Jorma Juhani Kariluoto is a fictional character in Väinö Linna's 1954 war novel The Unknown Soldier and one of its main characters. At the beginning of the novel, he is a sergeant major, like Vilho Koskela, but later during the Continuation War he rises to lieutenant and eventually even captain.

Linna said in one of his last interviews that Kariluoto was a typical AKS officer whose idealism evaporates in the whirlwind of war.

==In the novel==
Kariluoto is a blond-haired university student planning a career as a lawyer when he goes to war. Since childhood, he had heard his father and his friends talk countless times about East Karelia, where the tribal people living there suffered oppression and whose liberation was a great task for the Finns, which could never be left in mind – it had to be thought about while working, eating and going to bed, and it should have been something he dreamed about at night.

As an idealistic sergeant major, he does not inspire as much respect in men as Koskela (although he does not arouse as much disgust as Lammio) but later he achieves great respect after rising to company commander.
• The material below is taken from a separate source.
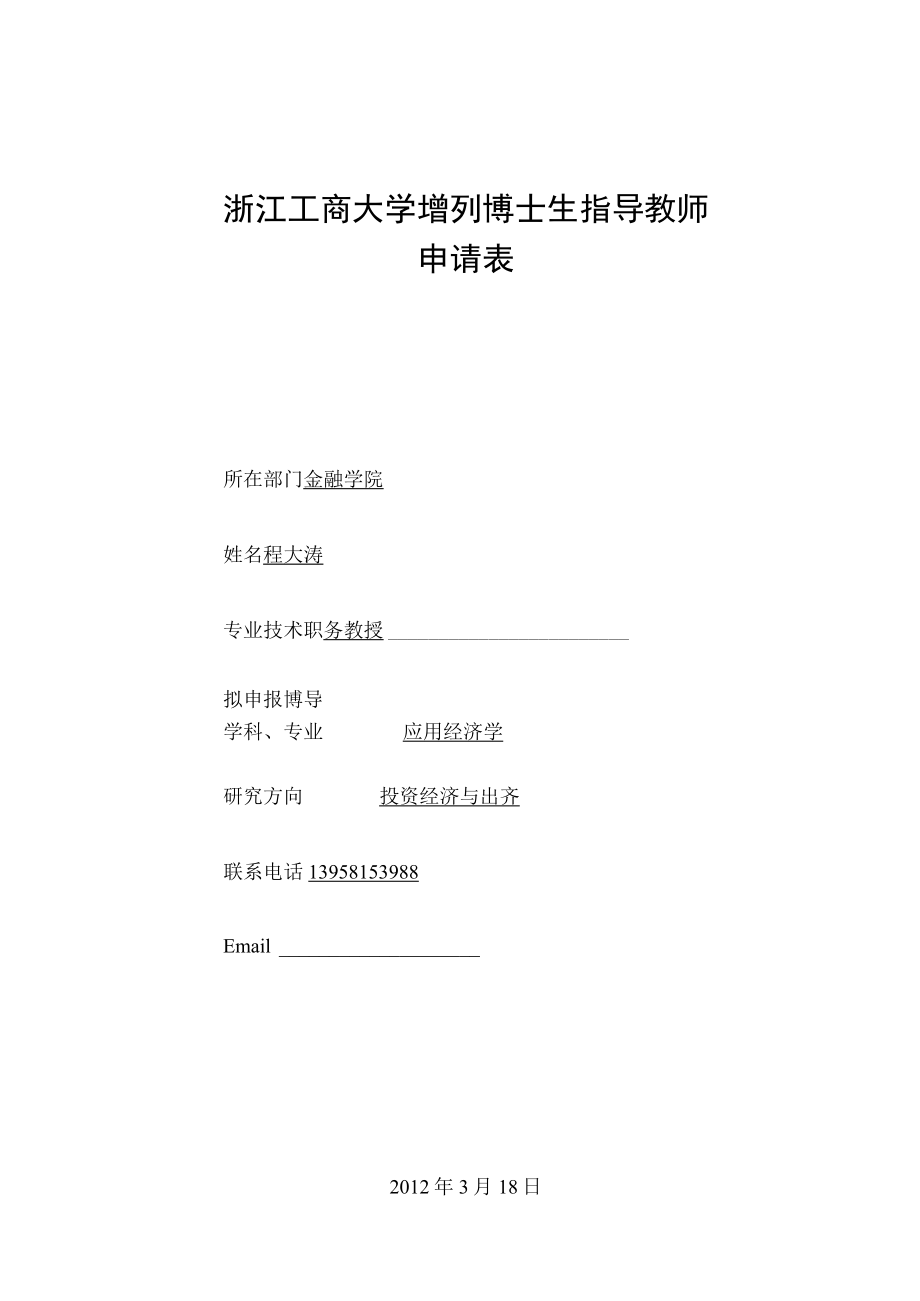 浙江工商大学增列博士生指导教师申请表.docx_第1页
At first, Kariluoto was quite weak and fearful, but after seeing Captain Kaarna's death up close, he became braver and grew into a skilled soldier towards the end.

When the Finns arrive in Petrozavodsk, Kariluoto would like to look at the city with pride, but the first person to see the city is the low-class and grotesque soldier Viirilä, towards whom Kariluoto feels great disgust; in his high school world, it was not believed that Finns like Viirilä even existed. However, the modesty of the city also disappoints Kariluoto, especially when Kariluoto gets closer to witnessing the complete chaos prevailing in the city: drunk people are walking the streets, local women are being harassed, and drunken singing, brawling, and shooting can be heard from everywhere.

Kariluoto's maturation into a soldier and an excellent officer is such a central plot in the novel that it has been considered his development story. During his short military life, he searches for a role model to identify with: first there is the Runebergian war hero, then the figure of Captain Kaarna, and after his fall, sergeant major Koskela. Kariluoto becomes one of the battalion's best team leaders and gradually gains more courage. During the war, he enters the Army Academy, rises to the rank of captain, and marries his fiancée Sirkka.

He returns to his unit as a company commander, newly married and in high spirits, unaware that a major Soviet offensive has begun in the meantime. Faced with a surrendering army and hearing that the otherwise calm Koskela also considers the situation hopeless, Kariluoto is completely crushed mentally; the collision with the reality of the front is so severe that Kariluoto goes from optimism to the exact opposite state, almost a mental disorder, in a few hours. Finally, he receives an order from the battalion commander, which even Koskela advises him not to obey, acts of his own free will and kills not only a number of his own men but also himself under enemy fire.

==Performers==

Kariluoto as played by Matti Ranin in the 1955 version

In the 1955 The Unknown Soldier film, directed by Edvin Laine, Kariluoto was played by Matti Ranin. In the 1985 version, directed by Rauni Mollberg, Kariluoto was played by Pekka Ketonen, and in the 2017 version, directed by Aku Louhimies, Kariluoto was played by Johannes Holopainen.